“Leading With Hope: Faith in Challenging Times” is the title of the second annual Wagner Dialogue at Sag Harbor’s John Jermain Memorial Library on Sept. 1, featuring a scholar, a minister, and a rabbi discussing the role of religion in today’s world.
Georgette Grier-Key, executive director of the Eastville Community Historical Society, will moderate a conversation between the Rev. Kimberly Quinn Johnson of the Unitarian Universalist Congregation of the South Fork in Bridgehampton and Rabbi David Whiman, rabbi emeritus of the North Shore Synagogue in Syosset and the rabbi at Beth Shalom in Milan.
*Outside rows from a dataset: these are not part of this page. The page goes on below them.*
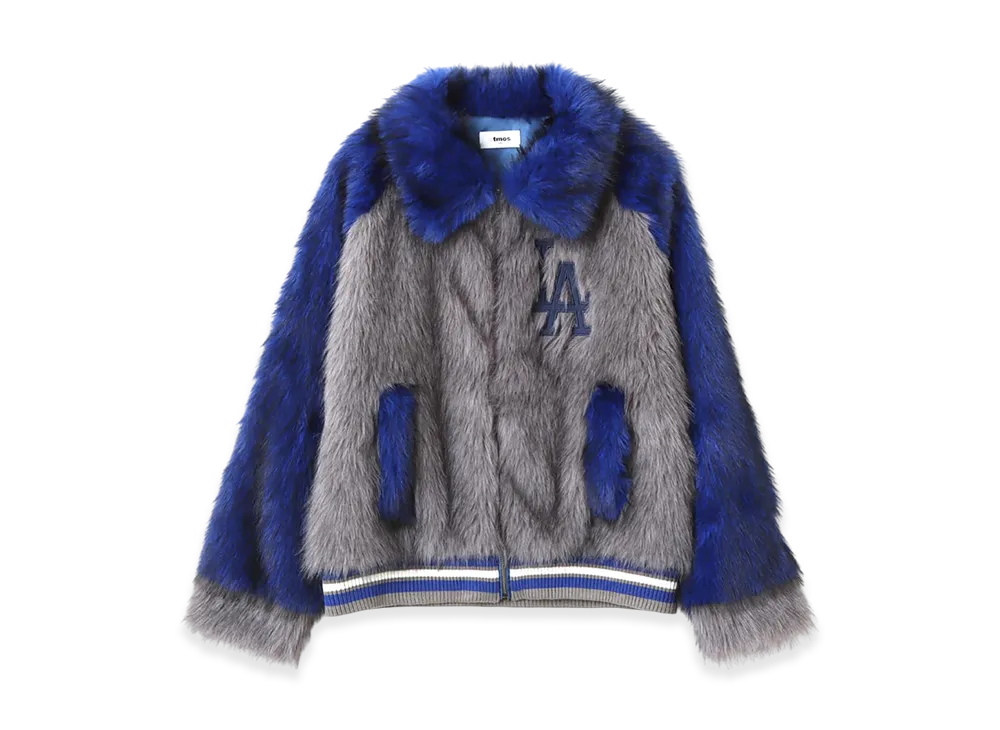 atmos x MLB Faux Far Blouson "Gray"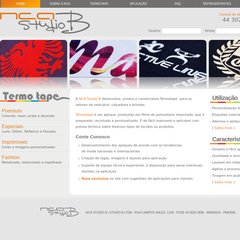 ncastudiob.com.br Termotape, Termo Tape, personalização de uniformes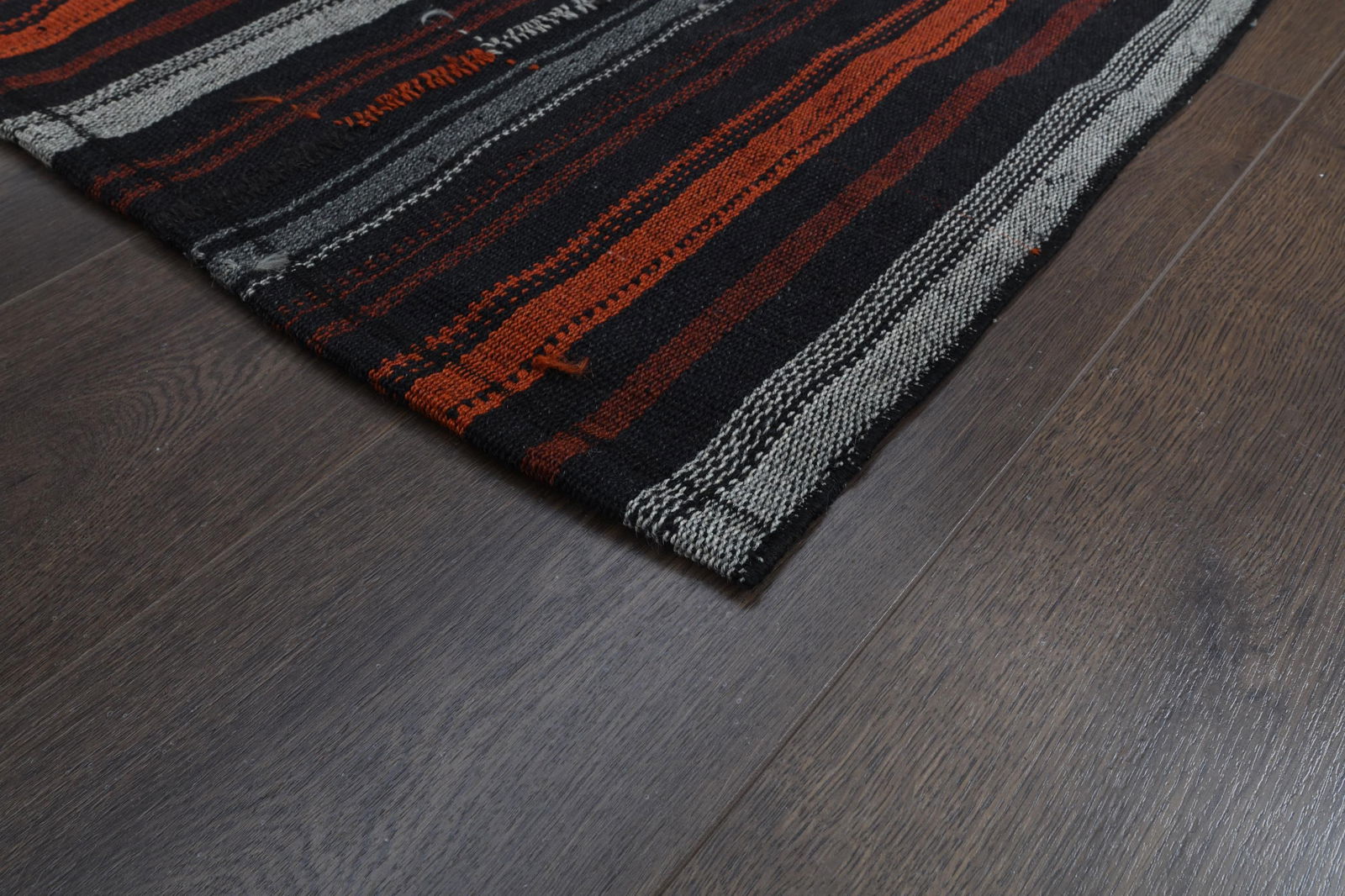 3'5x8'4 ft, COLORFUL STRIPED RUNNER - 3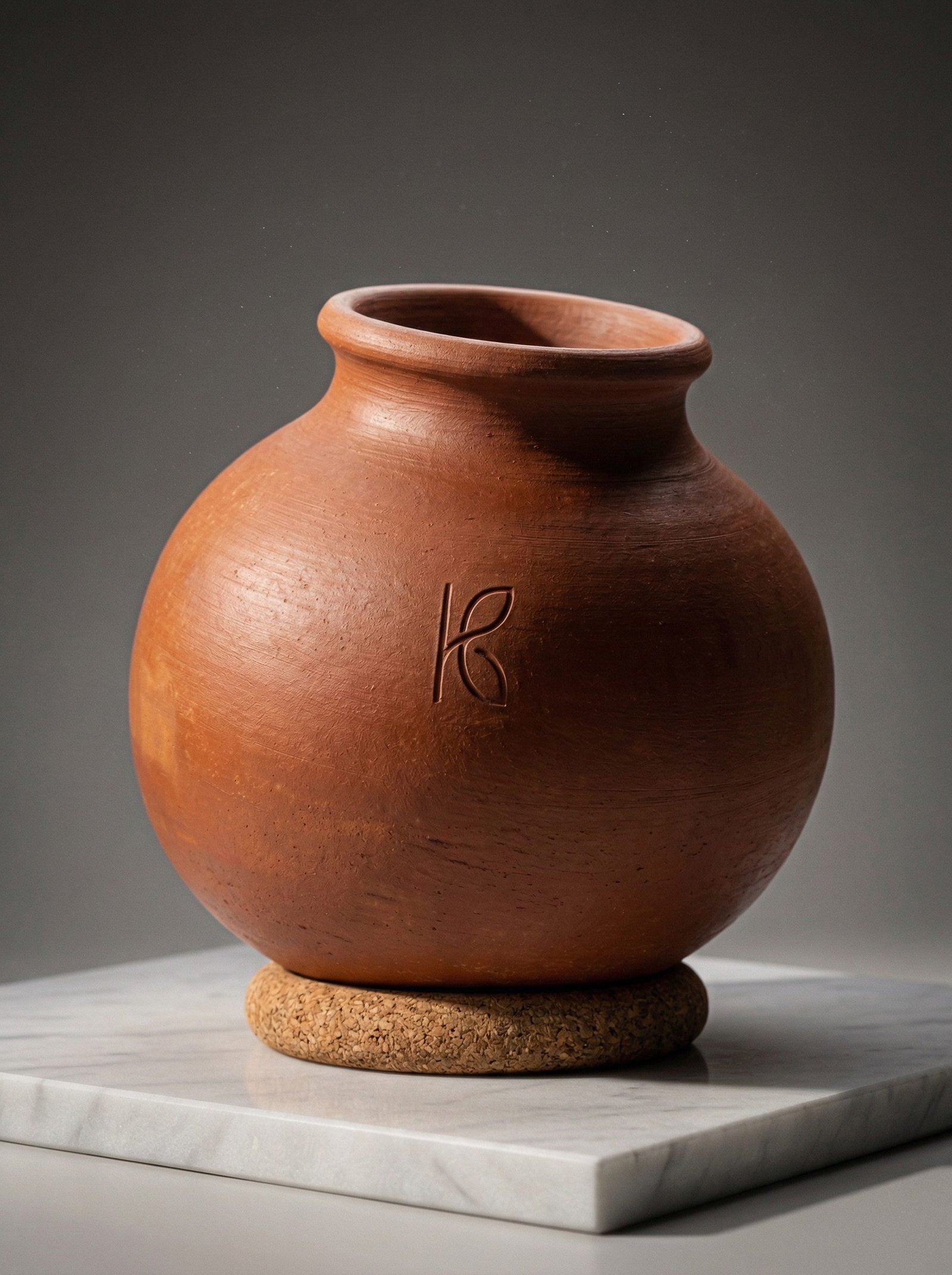 KL-DW-006-Clay Water Pot (Ghada) – 5 L-Image 1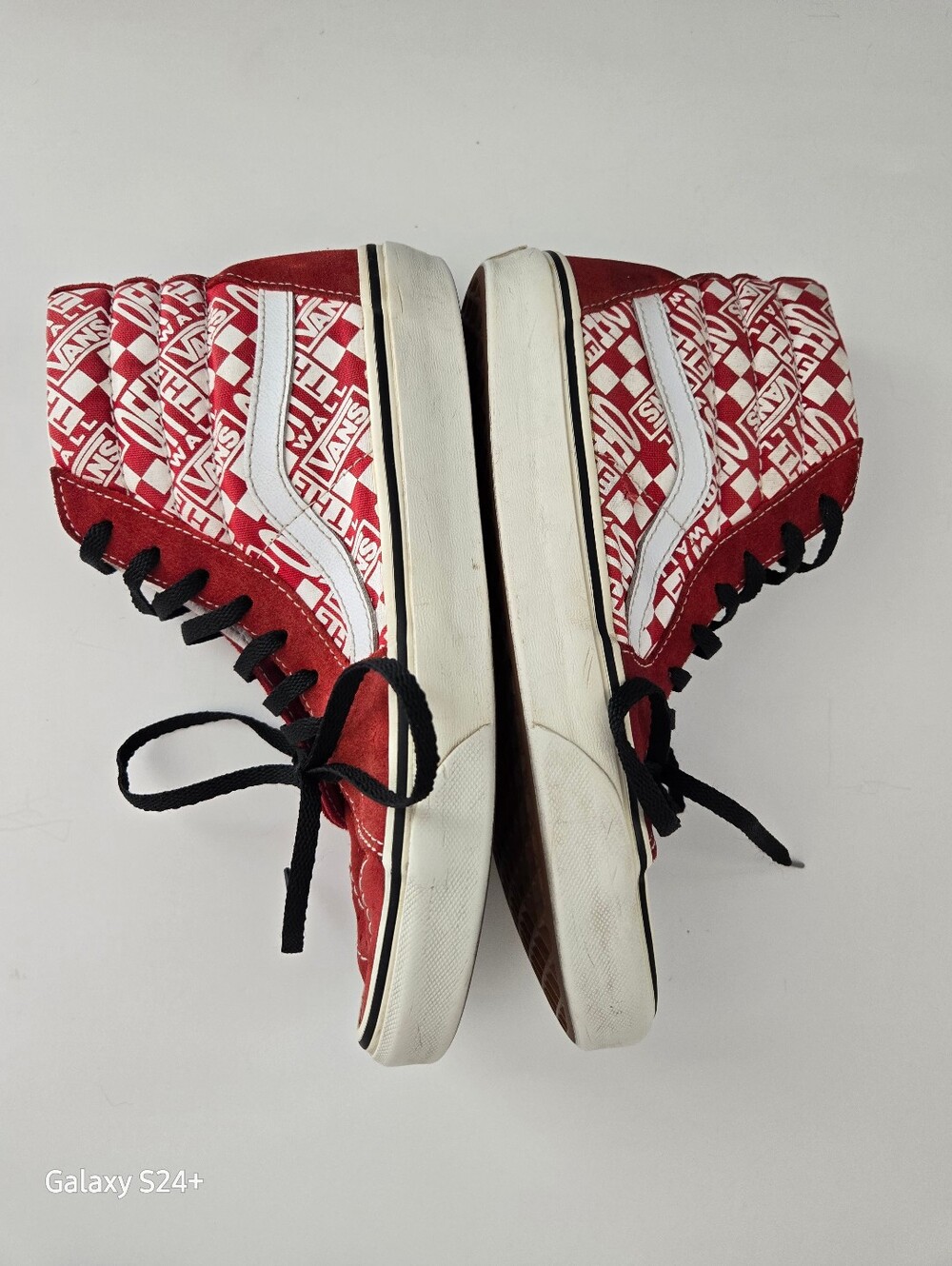 Vans Unisex SK8-Hi OTW Checkerboard High-Top Sneakers/men 6/women 7.5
Underwritten by the family of Paul E. Wagner, a library supporter, the series intends to provide a space for the discussion of complicated and controversial ideas and topics, said Catherine Creedon, the library’s director.
“Last year we focused on politics, and this year we thought we would take on another kind of potentially lively topic,” she said. As with the collections of books and movies at the library, she said, the discussion is meant to represent a broad spectrum of thoughts on religion in order to best serve the community.
“Public libraries are historically thought of as neutral, but in fact we make a space here for all ideas,” she said. “Everyone should come with open minds and willing to engage in conversation.”
The discussion will start off with Dr. Grier-Key asking Mr. Whiman and Ms. Johnson questions — Ms. Creedon declined to elaborate — before the floor opens up to the audience, which will be limited to 75 people. Last year, Ms. Creedon said, the audience-participation portion became the most intense part.
While candid conversations about topics like religion can be taboo, Dr. Grier-Key said, in the current political and social climate “people are looking for hope,” she said. “We have to display this kind of courage in front of the public and help them ask these kind of questions.”
“I think people sometimes price politeness over actual dialogue,” Ms. Johnson said. “This seems like an opportunity to have dialogue that would be polite and respectful but still get at the ways we are similar and the ways we are different.”
“Talking about religion and talking about politics really all get at talking about values in the world and how those values shape actions,” she said.
Preregistration is required and available through the library’s website or eventbrite.com. A reception will follow.
“They say the things that you’re not supposed to talk about in public are religion, politics, and sex,” Ms. Johnson said. “Those are the three things that we talk about here.”